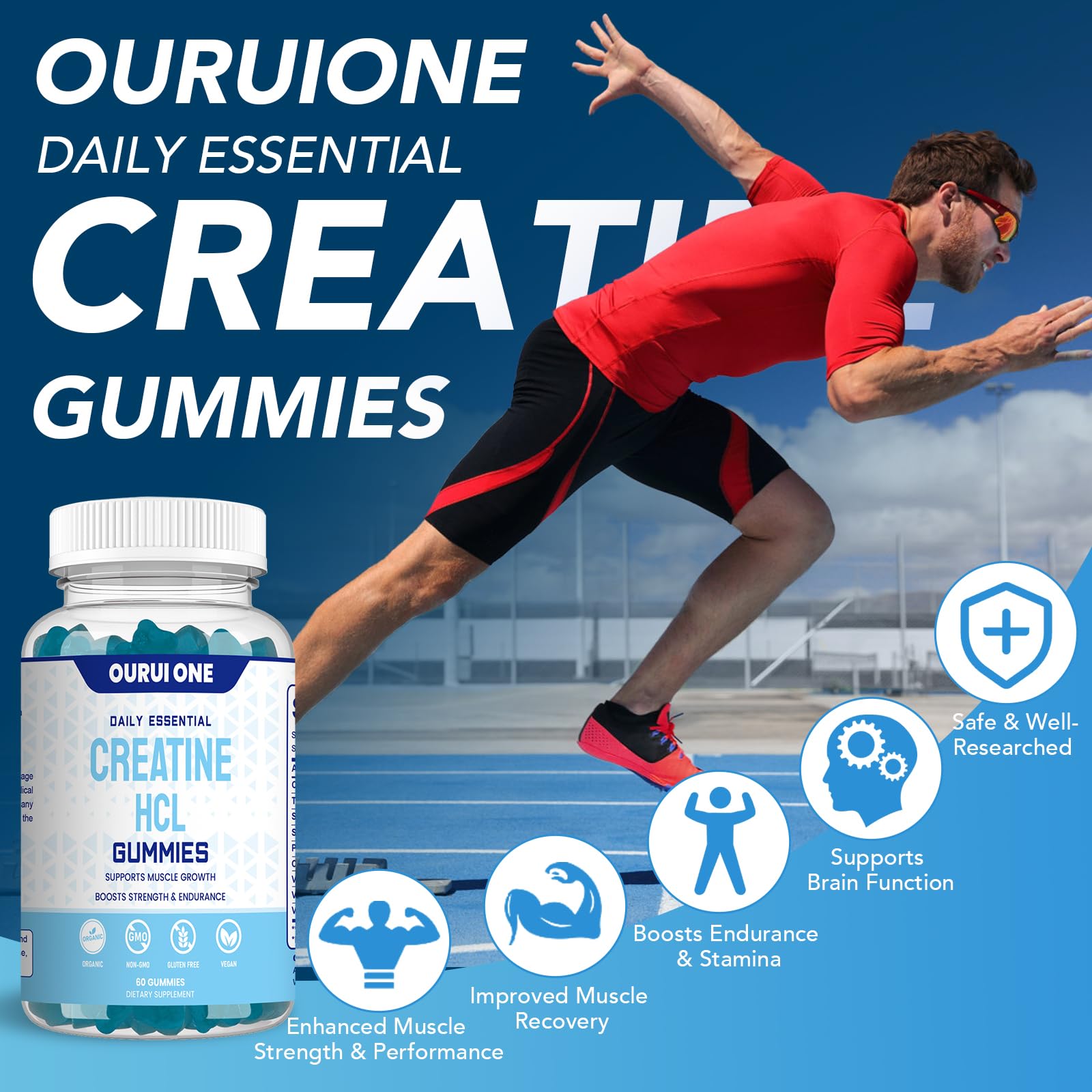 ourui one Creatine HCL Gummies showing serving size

::::

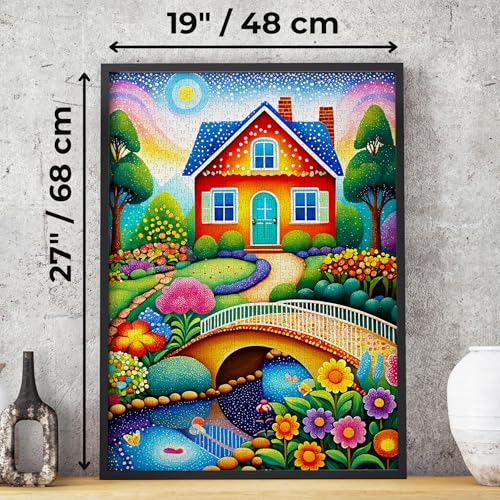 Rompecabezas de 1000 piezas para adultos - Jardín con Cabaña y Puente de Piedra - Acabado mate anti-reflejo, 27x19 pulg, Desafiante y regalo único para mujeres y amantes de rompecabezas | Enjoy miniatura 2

::::

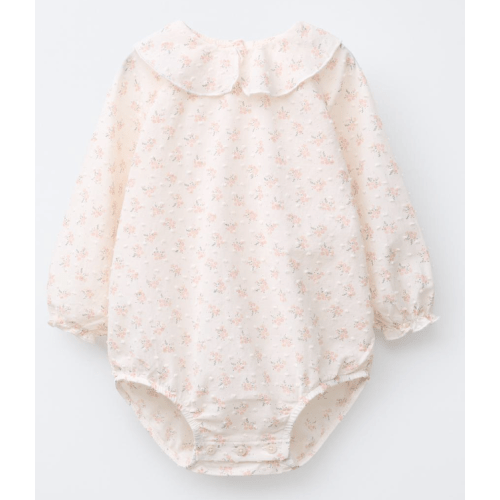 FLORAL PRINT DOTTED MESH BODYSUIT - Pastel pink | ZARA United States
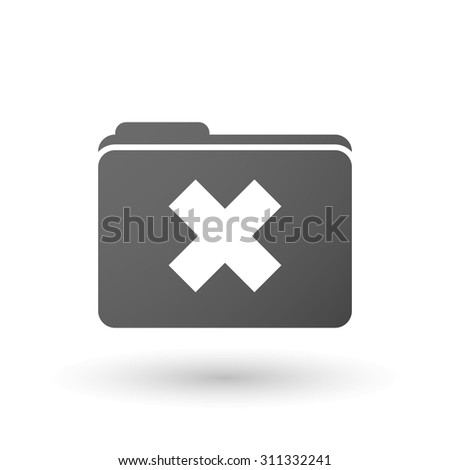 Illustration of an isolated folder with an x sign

::::

Activity → Set down word for word the lines above from the one with "FLORAL PRINT DOTTED" up to and including the one with "Illustration of an". Omit every picture.

Result →
 FLORAL PRINT DOTTED MESH BODYSUIT - Pastel pink | ZARA United States
 Illustration of an isolated folder with an x sign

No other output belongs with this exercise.